_PROMPT:_ The material below contains a line with "16P Garden sissy" and a line with "A FIELD GUIDE". Copy exactly those two lines and all lines between them.
[[ SUPPLIED RECORDS open ]]
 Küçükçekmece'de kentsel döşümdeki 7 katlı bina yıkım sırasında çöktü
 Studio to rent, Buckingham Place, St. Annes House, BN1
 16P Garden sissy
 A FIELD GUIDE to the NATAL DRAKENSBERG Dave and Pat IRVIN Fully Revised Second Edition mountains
[[ SUPPLIED RECORDS closed ]]
[[ SUPPLIED RECORDS open ]]
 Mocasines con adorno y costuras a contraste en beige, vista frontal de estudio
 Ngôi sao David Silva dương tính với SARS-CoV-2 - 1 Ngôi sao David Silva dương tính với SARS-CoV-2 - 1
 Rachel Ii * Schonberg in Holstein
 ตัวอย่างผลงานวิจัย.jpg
[[ SUPPLIED RECORDS closed ]]
_FINAL ANSWER:_
 16P Garden sissy
 A FIELD GUIDE to the NATAL DRAKENSBERG Dave and Pat IRVIN Fully Revised Second Edition mountains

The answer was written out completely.